Dataset entries

====

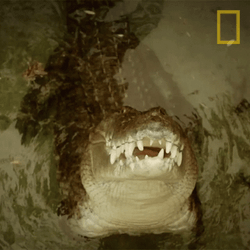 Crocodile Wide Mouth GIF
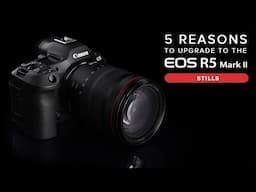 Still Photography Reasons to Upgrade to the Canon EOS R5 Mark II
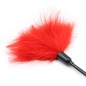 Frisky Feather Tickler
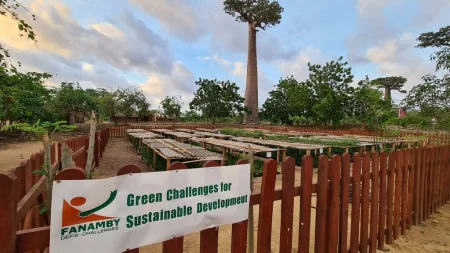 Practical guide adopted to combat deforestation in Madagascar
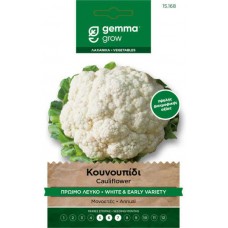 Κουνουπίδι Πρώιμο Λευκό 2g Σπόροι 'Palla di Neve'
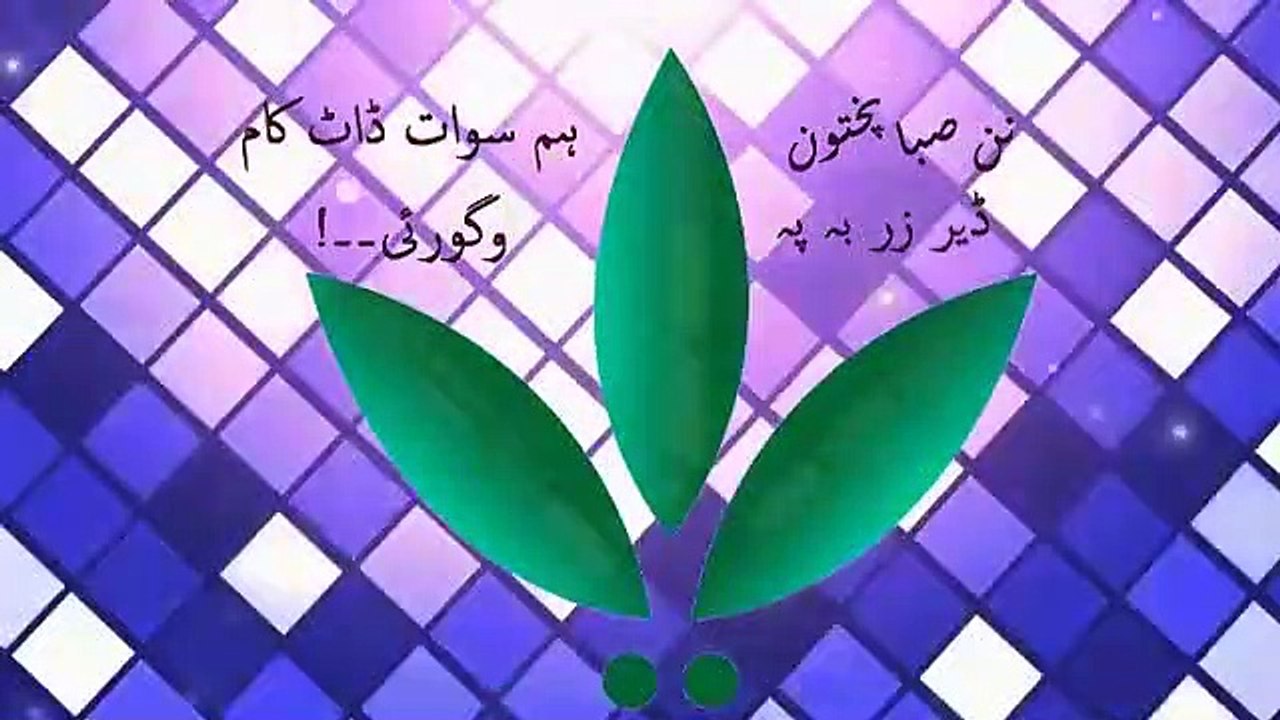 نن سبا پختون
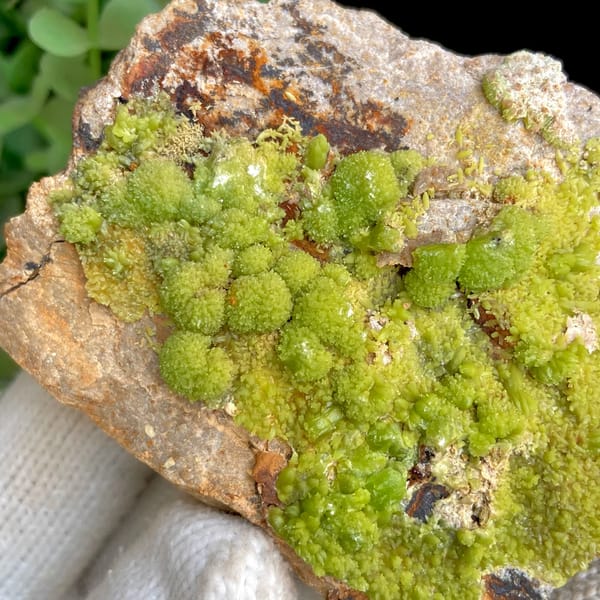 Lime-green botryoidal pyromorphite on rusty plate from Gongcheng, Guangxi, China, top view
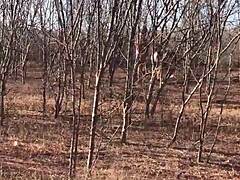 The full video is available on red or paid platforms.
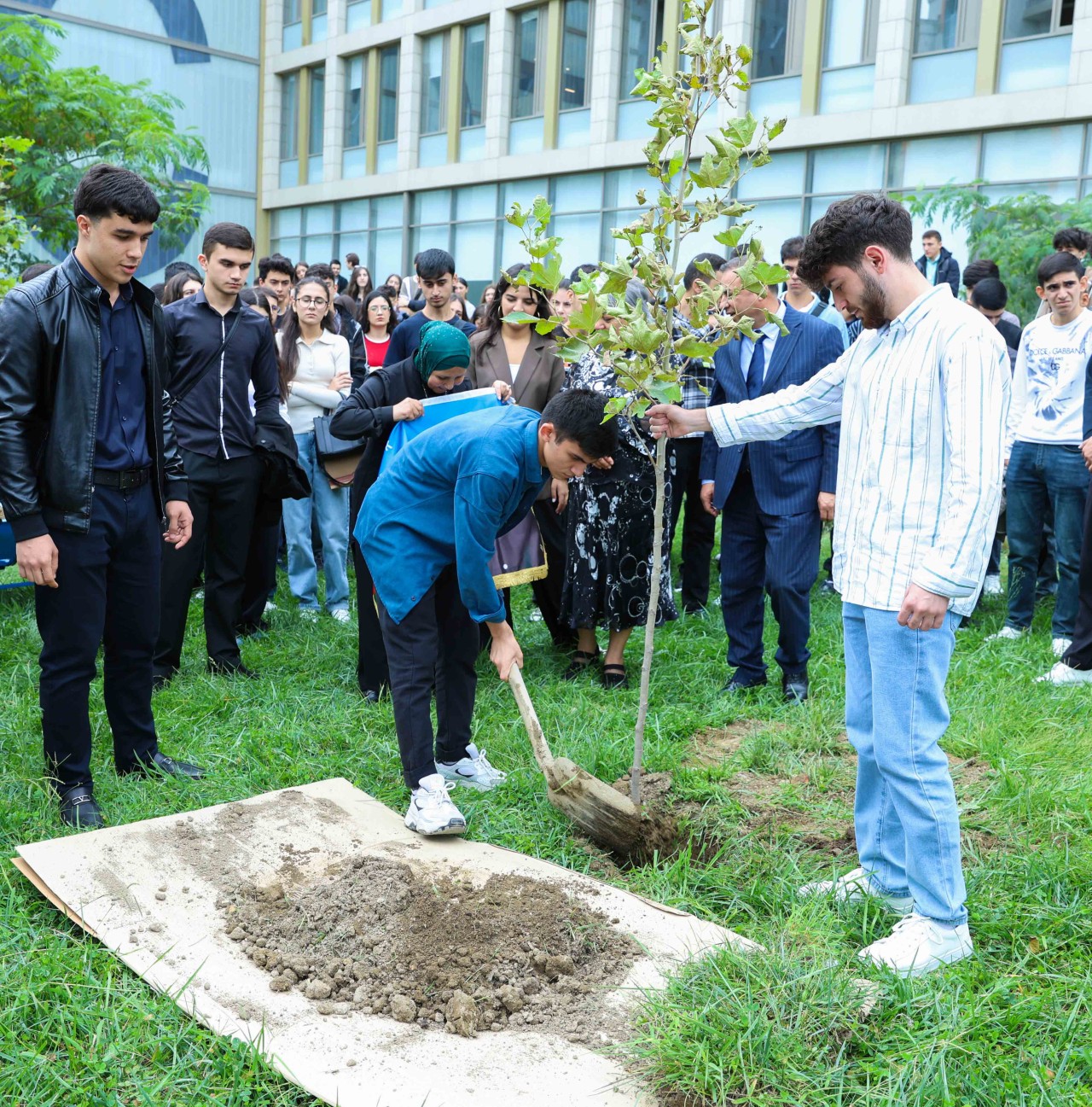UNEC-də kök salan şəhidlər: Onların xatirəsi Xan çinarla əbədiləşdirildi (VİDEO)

====

* **EXERCISE DESCRIPTION**: Print each entry exactly, leaving pictures out.

* **YOUR RESPONSE**:
 Crocodile Wide Mouth GIF
 Still Photography Reasons to Upgrade to the Canon EOS R5 Mark II
 Frisky Feather Tickler
 Practical guide adopted to combat deforestation in Madagascar
 Κουνουπίδι Πρώιμο Λευκό 2g Σπόροι 'Palla di Neve'
 نن سبا پختون
 Lime-green botryoidal pyromorphite on rusty plate from Gongcheng, Guangxi, China, top view
 The full video is available on red or paid platforms.
UNEC-də kök salan şəhidlər: Onların xatirəsi Xan çinarla əbədiləşdirildi (VİDEO)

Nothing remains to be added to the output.